Use regplot from `seaborn`.

In [None]:
#regplot
# set x label
plt.xlabel('XXX')
# set y label
plt.ylabel('XXX')
# set title label, example:
plt.title('Scatter Plot of Age vs. Hours per Week')
plt.show()


### Grouped Bar Plots with Point Plot

In [None]:
sns.catplot(data=df, x='income', y='hours-per-week', hue='sex', kind='bar', ci=None)
sns.pointplot(data=df, x='income', y='hours-per-week', hue='sex', join=False, ci=None, markers=['x', 'o'], palette="dark")
plt.xlabel('Income')
plt.ylabel('Hours per Week')
plt.title('Hours per Week by Income and Sex')
plt.show()


### Heatmaps

In [None]:
# Create a contingency table of education and income
contingency_table = pd.crosstab(df['education'], df['income'])

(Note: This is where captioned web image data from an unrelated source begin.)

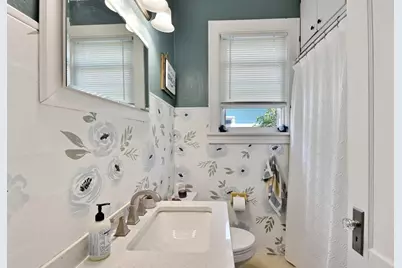 401 17th Avenue N, Saint Cloud, MN 56303 - Photo 20
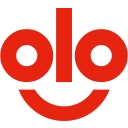 Procolored logo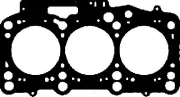 Dichtung, Zylinderkopf CORTECO 414173P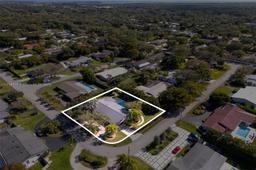 Picture of 7430 SW 142Nd Ter, Palmetto Bay, FL 33158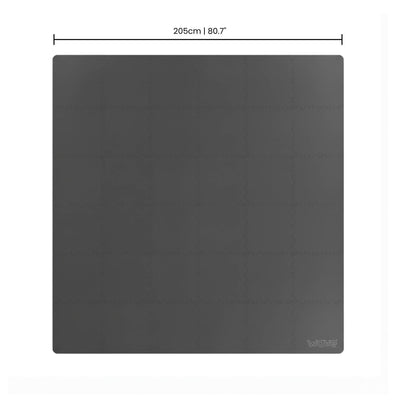 Insulating Foam Mat | UKCA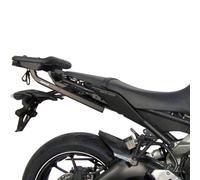 Top Master Topcase Fitting, size 65 cm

# Calculate the percentage of each income group within each education level
percentage_table = contingency_table.div(contingency_table.sum(axis=1), axis=0)

sns.heatmap(percentage_table, cmap="YlGnBu", annot=True, cbar_kws={'label': 'Percentage'})
plt.xlabel('Income')
plt.ylabel('Education')
plt.title('Income Distribution by Education Level')
plt.show()




### Pair Plot


In [None]:

# Select a subset of numeric columns to analyze
numeric_columns = ['age', 'education-num', 'capital-gain', 'capital-loss', 'hours-per-week']
data_subset = df[numeric_columns]

# Add the 'income' column to use as a color code
data_subset['income'] = df['income']

sns.pairplot(data_subset.sample(1000), hue='income', diag_kind='hist', plot_kws={'alpha': 0.6, 's': 20, 'edgecolor': 'k'}, palette="husl") # Sample 1000 data points for performance
plt.suptitle('Pair Plot of Selected Numeric Columns', y=1.02) # Add a title and adjust the vertical space
plt.show()



These visualizations provide a deeper understanding of the dataset. You can further customize the appearance and create more complex visualizations by exploring the Seaborn library. Additionally, you may want to explore other visualization libraries such as Plotly for interactive visualizations.